Collected data:
================

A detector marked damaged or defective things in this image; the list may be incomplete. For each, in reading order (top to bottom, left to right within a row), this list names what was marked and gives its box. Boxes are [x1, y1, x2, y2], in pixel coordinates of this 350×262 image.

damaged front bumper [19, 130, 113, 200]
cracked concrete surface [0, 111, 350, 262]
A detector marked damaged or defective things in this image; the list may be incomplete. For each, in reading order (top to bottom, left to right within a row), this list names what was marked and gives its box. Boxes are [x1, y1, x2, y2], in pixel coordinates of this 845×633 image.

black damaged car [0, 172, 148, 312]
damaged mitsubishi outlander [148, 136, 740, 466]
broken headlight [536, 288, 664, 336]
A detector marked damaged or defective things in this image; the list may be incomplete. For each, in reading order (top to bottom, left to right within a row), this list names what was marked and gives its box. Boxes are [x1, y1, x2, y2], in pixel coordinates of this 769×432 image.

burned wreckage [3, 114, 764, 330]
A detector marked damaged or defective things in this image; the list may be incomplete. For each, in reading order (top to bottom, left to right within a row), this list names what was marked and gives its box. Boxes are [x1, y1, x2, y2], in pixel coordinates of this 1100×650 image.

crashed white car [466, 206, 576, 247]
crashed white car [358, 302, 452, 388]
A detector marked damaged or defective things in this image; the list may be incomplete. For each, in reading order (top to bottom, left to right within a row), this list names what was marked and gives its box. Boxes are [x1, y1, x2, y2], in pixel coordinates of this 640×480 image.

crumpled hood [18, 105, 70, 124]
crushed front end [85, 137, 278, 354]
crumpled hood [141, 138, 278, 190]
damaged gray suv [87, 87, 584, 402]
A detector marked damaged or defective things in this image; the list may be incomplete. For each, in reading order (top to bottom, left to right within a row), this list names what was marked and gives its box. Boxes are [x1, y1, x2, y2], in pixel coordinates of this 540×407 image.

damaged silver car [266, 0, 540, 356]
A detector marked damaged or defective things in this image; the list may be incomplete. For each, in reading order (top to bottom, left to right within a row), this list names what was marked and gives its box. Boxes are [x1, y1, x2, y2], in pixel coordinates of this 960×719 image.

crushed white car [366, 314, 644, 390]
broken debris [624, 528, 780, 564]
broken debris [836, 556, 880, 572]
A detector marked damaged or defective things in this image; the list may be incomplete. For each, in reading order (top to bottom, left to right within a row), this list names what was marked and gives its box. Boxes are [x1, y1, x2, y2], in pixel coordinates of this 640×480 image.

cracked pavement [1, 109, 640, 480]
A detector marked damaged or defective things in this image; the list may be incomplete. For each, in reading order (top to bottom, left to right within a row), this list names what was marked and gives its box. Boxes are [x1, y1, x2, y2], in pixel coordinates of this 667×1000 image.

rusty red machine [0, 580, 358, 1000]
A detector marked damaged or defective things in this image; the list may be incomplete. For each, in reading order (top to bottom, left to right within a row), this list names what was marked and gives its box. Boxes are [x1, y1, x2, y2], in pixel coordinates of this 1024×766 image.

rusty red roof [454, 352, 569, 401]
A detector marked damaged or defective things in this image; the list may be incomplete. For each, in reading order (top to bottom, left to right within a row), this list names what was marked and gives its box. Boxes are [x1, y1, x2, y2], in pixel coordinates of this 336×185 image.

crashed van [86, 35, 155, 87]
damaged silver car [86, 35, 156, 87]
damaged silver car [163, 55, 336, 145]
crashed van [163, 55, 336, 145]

================

Assignment: This calls for all of the entries above, repeated exactly.

Reply to the task:
A detector marked damaged or defective things in this image; the list may be incomplete. For each, in reading order (top to bottom, left to right within a row), this list names what was marked and gives its box. Boxes are [x1, y1, x2, y2], in pixel coordinates of this 350×262 image.

damaged front bumper [19, 130, 113, 200]
cracked concrete surface [0, 111, 350, 262]
A detector marked damaged or defective things in this image; the list may be incomplete. For each, in reading order (top to bottom, left to right within a row), this list names what was marked and gives its box. Boxes are [x1, y1, x2, y2], in pixel coordinates of this 845×633 image.

black damaged car [0, 172, 148, 312]
damaged mitsubishi outlander [148, 136, 740, 466]
broken headlight [536, 288, 664, 336]
A detector marked damaged or defective things in this image; the list may be incomplete. For each, in reading order (top to bottom, left to right within a row), this list names what was marked and gives its box. Boxes are [x1, y1, x2, y2], in pixel coordinates of this 769×432 image.

burned wreckage [3, 114, 764, 330]
A detector marked damaged or defective things in this image; the list may be incomplete. For each, in reading order (top to bottom, left to right within a row), this list names what was marked and gives its box. Boxes are [x1, y1, x2, y2], in pixel coordinates of this 1100×650 image.

crashed white car [466, 206, 576, 247]
crashed white car [358, 302, 452, 388]
A detector marked damaged or defective things in this image; the list may be incomplete. For each, in reading order (top to bottom, left to right within a row), this list names what was marked and gives its box. Boxes are [x1, y1, x2, y2], in pixel coordinates of this 640×480 image.

crumpled hood [18, 105, 70, 124]
crushed front end [85, 137, 278, 354]
crumpled hood [141, 138, 278, 190]
damaged gray suv [87, 87, 584, 402]
A detector marked damaged or defective things in this image; the list may be incomplete. For each, in reading order (top to bottom, left to right within a row), this list names what was marked and gives its box. Boxes are [x1, y1, x2, y2], in pixel coordinates of this 540×407 image.

damaged silver car [266, 0, 540, 356]
A detector marked damaged or defective things in this image; the list may be incomplete. For each, in reading order (top to bottom, left to right within a row), this list names what was marked and gives its box. Boxes are [x1, y1, x2, y2], in pixel coordinates of this 960×719 image.

crushed white car [366, 314, 644, 390]
broken debris [624, 528, 780, 564]
broken debris [836, 556, 880, 572]
A detector marked damaged or defective things in this image; the list may be incomplete. For each, in reading order (top to bottom, left to right within a row), this list names what was marked and gives its box. Boxes are [x1, y1, x2, y2], in pixel coordinates of this 640×480 image.

cracked pavement [1, 109, 640, 480]
A detector marked damaged or defective things in this image; the list may be incomplete. For each, in reading order (top to bottom, left to right within a row), this list names what was marked and gives its box. Boxes are [x1, y1, x2, y2], in pixel coordinates of this 667×1000 image.

rusty red machine [0, 580, 358, 1000]
A detector marked damaged or defective things in this image; the list may be incomplete. For each, in reading order (top to bottom, left to right within a row), this list names what was marked and gives its box. Boxes are [x1, y1, x2, y2], in pixel coordinates of this 1024×766 image.

rusty red roof [454, 352, 569, 401]
A detector marked damaged or defective things in this image; the list may be incomplete. For each, in reading order (top to bottom, left to right within a row), this list names what was marked and gives its box. Boxes are [x1, y1, x2, y2], in pixel coordinates of this 336×185 image.

crashed van [86, 35, 155, 87]
damaged silver car [86, 35, 156, 87]
damaged silver car [163, 55, 336, 145]
crashed van [163, 55, 336, 145]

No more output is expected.